/briareus-py

Generate build configurations based on input specification and repository data

Primary LanguagePython

#+TITLE+: Briareus

Briareus

The Briareus project is a build configuration manager for a CI/CD system.

Contemporary CI systems (e.g. Travis, Jenkins) are analogous to the older RCS and SCCS revision control systems: they concern themselves with a single build only. A new generation of CI tools is needed that attends to the various interactions between build components instead of just focusing on a single build component, much as modern revision control systems like git attend to the relationships between the files that make up a project.

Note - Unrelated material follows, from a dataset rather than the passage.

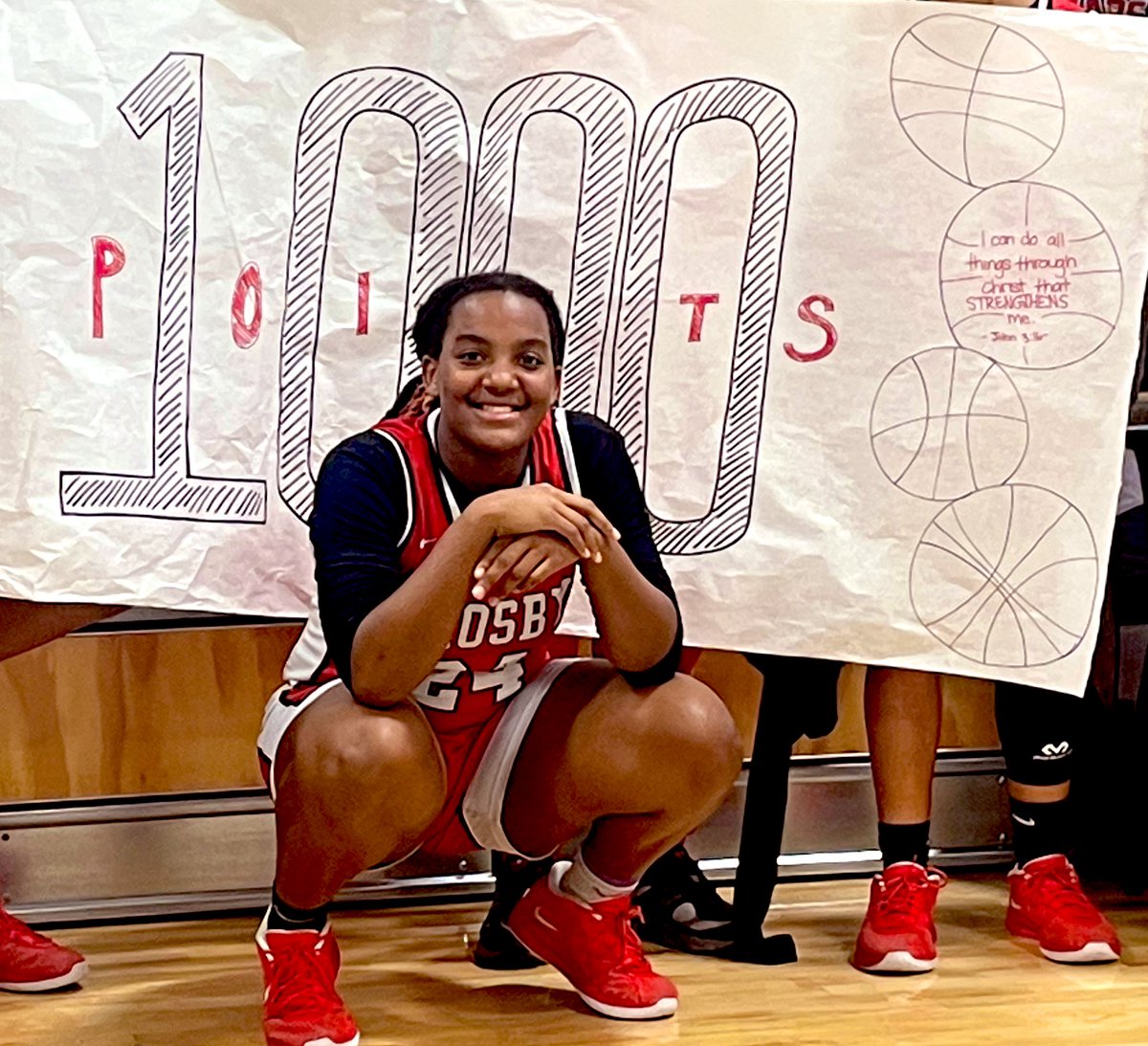 CrosbyGirlsHoops (@crosbygbball) on Twitter photo 🏀 1,000 POINTS CLUB! 🏀
A huge congrats for reaching an incredible milestone—scoring 1,000 career points! Your hard work, dedication, and passion for the game have led you to this achievement, and we couldn’t be prouder.
<a href="/Cbg_Maya/">Lamaya Clark</a> ❤️🔥 #1000Points #HistoryMade #TAKEITALL 🏀 1,000 POINTS CLUB! 🏀
A huge congrats for reaching an incredible milestone—scoring 1,000 career points! Your hard work, dedication, and passion for the game have led you to this achievement, and we couldn’t be prouder.
<a href="/Cbg_Maya/">Lamaya Clark</a> ❤️🔥 #1000Points #HistoryMade #TAKEITALL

There are submodules-based builds and Jenkins pipelines, but these are relatively manual/static and only show a single snapshot instead of the results of various build combinations. When a build output is comprised of the builds of several components, each of which may be individually being updated and evolved, it becomes more important to examine results from the perspective of a “build configuration”, which is an explicitly determined set of component versions along with the meaning of that configuration.

A conventional build system will typically start with a single build configuration, dedicated to building the “production” version of a product. If there are multiple components to the project, they will be built together or in a pipeline from the “production” branch for those repositories. There may be a couple of other build configurations (e.g. develop, stage) present, but these are usually manually configured and statically managed.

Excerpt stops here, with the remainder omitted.